The data is be stored in a Pandas dataframe.

Subsequently, the program will prompt the user to specify their preferences for:

1) Genre <br>
2) Minimum Rating<br>
3) Maximum Runtime<br>
4) Age Restriction<br>

It will then filter the dataframe accordingly and select a movie for recommendation. The recommendation will display the movie title, writer, director, and trivia. If there are no movies that match the user's preferences, the program will recommend any movie from the original dataframe.

In [134]:
import time
from selenium.common.exceptions import NoSuchElementException, StaleElementReferenceException
from selenium.webdriver.common.by import By
from selenium.webdriver.support.ui import WebDriverWait
from selenium.webdriver.support import expected_conditions as EC

In [147]:
from selenium import webdriver
from selenium.webdriver.chrome.service import Service as ChromeService
from webdriver_manager.chrome import ChromeDriverManager

#opening browser
driver3 = webdriver.Chrome(service=ChromeService(ChromeDriverManager().install()))

In [148]:
url3="https://www.imdb.com/"

In [149]:
driver3.get(url3)

# Going to the top 200 popular IMDB movies

In [150]:
#selecting the menu
menuid=driver3.find_element(By.ID,"imdbHeader-navDrawerOpen")
menuid.click()

In [152]:
#clicking popular movies on menu
menu_items=driver3.find_element(By.CLASS_NAME,"navlinkcat__targetWrapper")
most_pop_movies=menu_items.find_element(By.XPATH,"/html/body/div[2]/nav/div[2]/aside[1]/div/div[2]/div/div[1]/span/div/div/ul/a[3]")
most_pop_movies.click()

# The following data is being scraped:

## 1) Movie Titles 
## 2) Runtime 
## 2) Runtime 
## 3) Rating
## 4) Age Restriction
## 5) Genre 
## 6) Writer(s)
## 7) Director(s) 
## 8) Fun Movie Trivia 


In [226]:

#selecting whole movies
movies_section=driver3.find_element(By.XPATH,"/html/body/div[2]/main/div/div[3]/section/div/div[2]/div")
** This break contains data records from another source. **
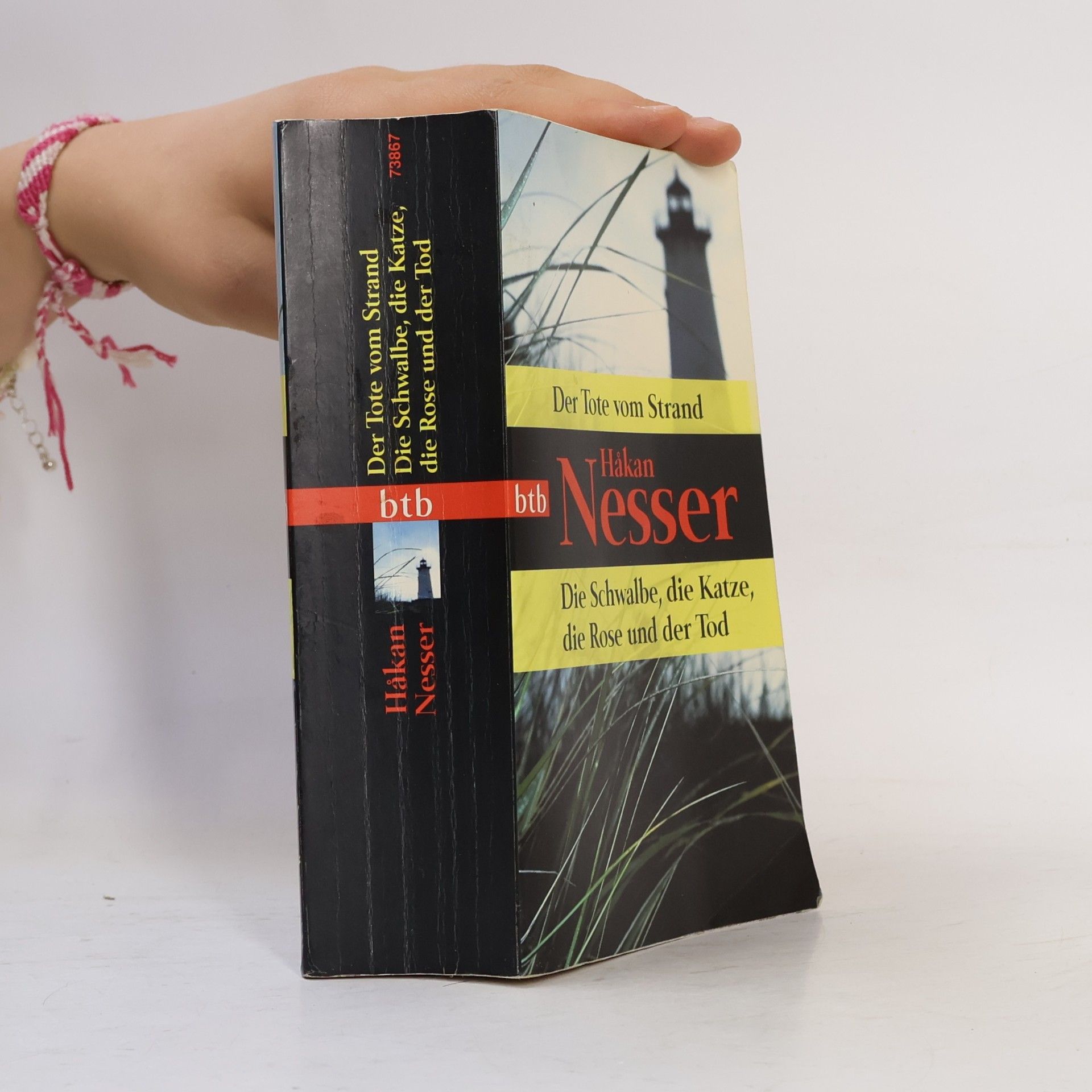Håkan Nesser Der Tote vom Strand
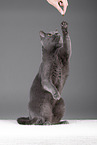Russian Blue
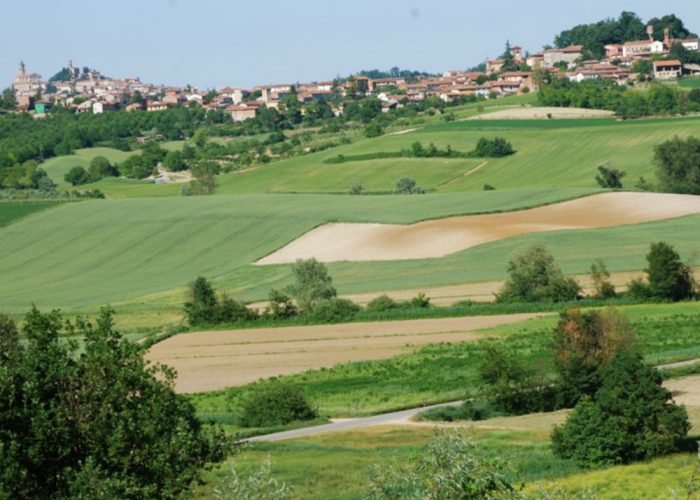 Domenica sulle colline del Ruchèinsieme al C.A.I. di Asti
#creating grid of all movies
movies_grid=movies_section.find_elements(By.CLASS_NAME,"ipc-metadata-list-summary-item")


Movie_name=[]
Movie_runtime=[]
Movie_year=[]
Movie_restriction=[]
Movie_rating=[]
Movie_genre=[]
Movie_writer=[]
Movie_director=[]
Movie_trivia=[]

for items in range(len(movies_grid)):
    boolhelper=False
    try:
        items =movies_section.find_elements(By.CLASS_NAME,"ipc-metadata-list-summary-item")[items]
        
        #Getting year, runtime and Restriction
        try:
            movie_titlebar=items.find_elements(By.CLASS_NAME,"sc-479faa3c-7.jXgjdT.cli-title-metadata")    
            
            for i in movie_titlebar:

                #getting movie year
                try:
                    movie_year=i.find_elements(By.CLASS_NAME,"sc-479faa3c-8.bNrEFi.cli-title-metadata-item")[0]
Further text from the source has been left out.